Dez meses após
terem aprovado uma restrição na entrada de imigrantes, os suíços recusam, desta
vez, uma iniciativa visando limitar o crescimento da população com medidas
radicais quanto ao número de estrangeiros permitidos no país. Os milionários
estrangeiros residentes no país também poderão continuar a desfrutar dos seus
privilégios fiscais.
No início do ano,
os suíços aprovavam, contra todas as expectativas, a iniciativa “contra a
imigração de massa” lançada pelo SVP, o “partido do povo suíço”. Uma iniciativa
que pretende travar a imigração no país introduzindo quotas e limites para a
entrada de estrangeiros que pretendem trabalhar na Suíça. A aprovação causou
grande constrangimento para o governo suíço nas suas negociações com a União
Europeia, principal visada pela iniciativa.
Desta vez, os
iniciantes tentaram camuflar o lobo com pele de cordeiro, ou melhor, o arame
farpado com folhas do outono, pois a iniciativa, chamada de “Ecopop”, foi
lançada por ecologistas preocupados com o crescimento populacional da Suíça e a
pavimentação desenfreada do território.
Segundo a proposta
levada a plebiscito neste domingo (30), a população residente na Suíça
"não deve exceder um nível compatível com a preservação sustentável dos
recursos naturais". Especificamente, os iniciantes queriam que a imigração
não excedesse 0,2% da população em uma média de três anos.
A iniciativa chegou
até a prever que 10% do orçamento total da ajuda ao desenvolvimento fossem
gastos na promoção do planeamento familiar nos países em desenvolvimento, para,
com isso, ajudar a diminuir o número de miseráveis nessas regiões, ou seja, o
número de imigrantes potenciais tentando fugir à pobreza.
Campanha do contra
A iniciativa do
Comitê Ecopop (Ecologia e População) enfrentou uma verdadeira campanha do
contra. Todos os partidos políticos, tanto de esquerda como de direita, denunciaram
o projeto.
Diversas
organizações (sindicatos, organizações empresariais, igrejas ou ONGs) foram
contra o texto. Em particular, a iniciativa foi muito criticada por ser radical
demais e “colonialista”, pondo em risco a tradição humanitária da Suíça, além
de tentar estrangular o desenvolvimento económico do país.
Até mesmo o SVP,
que impôs a iniciativa "Contra a imigração em massa", em fevereiro,
fez campanha contra. O mesmo vale para os movimentos ambientalistas
tradicionais, apesar destes terem mostrado um pouco de compreensão com a
finalidade da iniciativa Ecopop de reduzir a pegada ecológica da humanidade.
A rejeição popular
de mais de 73% foi bem clara e mostra que, apesar de se preocuparem com a
ecologia, os suíços estão preocupados com a manutenção da prosperidade do país,
que depende extremamente da mão de obra estrangeira.

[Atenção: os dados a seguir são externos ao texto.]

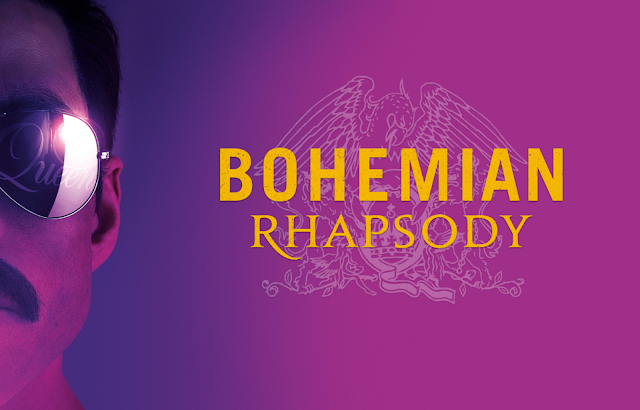 Bohemian Rhapsody (2018) Org Hindi Audio Track File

Equidade contra atratividade
A segunda
iniciativa submetida à votação foi lançada pela esquerda. Ela pretendia acabar
com o sistema de privilégios fiscais para estrangeiros ricos.
Este sistema
permite que os estrangeiros ricos estabelecidos na Suíça, que não exercem uma
atividade lucrativa no país, sejam tributados apenas com base em seus gastos e
não sobre os seus rendimentos e os bens que possuem. Mais de 5.600 pessoas são
beneficiadas, incluindo grandes nomes do entretenimento e do desporto mundial,
como o ex-piloto de Fórmula 1 Michael Schumacher ou o tenista francês
Jo-Wilfried Tsonga.
O sistema é
praticado principalmente nos cantões de língua francesa, mas alguns cantões,
como Zurique, já aboliram a prática, enquanto outros, incluindo Berna,
recusavam-se a fazê-lo. Por isso, a iniciativa para “acabar com os privilégios
fiscais dos milionários” foi levada a plebiscito em nível federal.
A iniciativa criou
um confronto esquerda-direita bastante tradicional. Para a esquerda, os
privilégios, aliás bastante opacos, vão contra a equidade fiscal. Segundo os
iniciantes, não é normal que uma pessoa de classe média pague mais impostos na
Suíça do que um milionário estrangeiro que more no país. A esquerda também
criticou os prejuízos causados por esses exilados fiscais em seus países de
origem.
À direita, o
discurso foi muito mais pragmático. Para os adversários, a supressão dos
privilégios reduziria a atratividade fiscal e económica da Suíça. Vários
países, como a Bélgica e Portugal, também fazem o possível para atrair as
grandes fortunas. Para a direita, abolir os privilégios fiscais na Suíça não
mudaria em nada a situação no nível mundial, isso só equivaleria a "um
tiro no próprio pé".
Rejeitando com mais
de 62% a iniciativa, os suíços continuam mantendo abertas as portas do país aos
estrangeiros. Desta vez, não só aos que tentam fugir à pobreza em seus países,
mas àqueles adeptos daquela “lei” de se levar vantagem em tudo.
Mercados à espreita
A última questão
levada a plebiscito foi proposta pelo Partido do Povo Suíço. Com o apelo
“Salvem o Ouro da Suíça”, a iniciativa pretendia restaurar e preservar as
reservas de ouro do Banco Central Suíço (SNB, na sigla em alemão). No início de
2000, o SNB havia se separado de mais da metade das suas reservas de ouro. Na
verdade, o ouro já não serve como base para a moeda há muito tempo e, na época,
o metal amarelo parecia ter perdido a sua função de valor refúgio.
Aos olhos dos
iniciantes, essa política representa uma dilapidação do património nacional. Em
sua iniciativa, o partido de direita conservadora, pretendia proibir novas
vendas do metal, que os estoques de ouro ficassem armazenados no território
nacional e que as reservas de ouro representassem, pelo menos, 20% dos ativos
do SNB, contra os atuais 7,6%.
Os outros partidos,
tanto de direita como de esquerda, opuseram-se a esta iniciativa. Para eles,
isso diminuiria significativamente a flexibilidade do banco central suíço. Além
disso, os adversários consideraram que não se deveria dar tanta importância
assim ao ouro, já que o metal não gera juros e pode rapidamente perder seu
valor.
Os mercados
financeiros acompanharam de perto os desenvolvimentos da questão. Na verdade,
se a iniciativa fosse aceite, a Suíça deveria realizar uma grande aquisição de
ouro maciço, o que teria uma influência mundial. Os suíços preferiram, no
entanto, continuar apostando na política económica do governo e na opinião dos
especialistas, recusando em mais de 76% a iniciativa do SVP.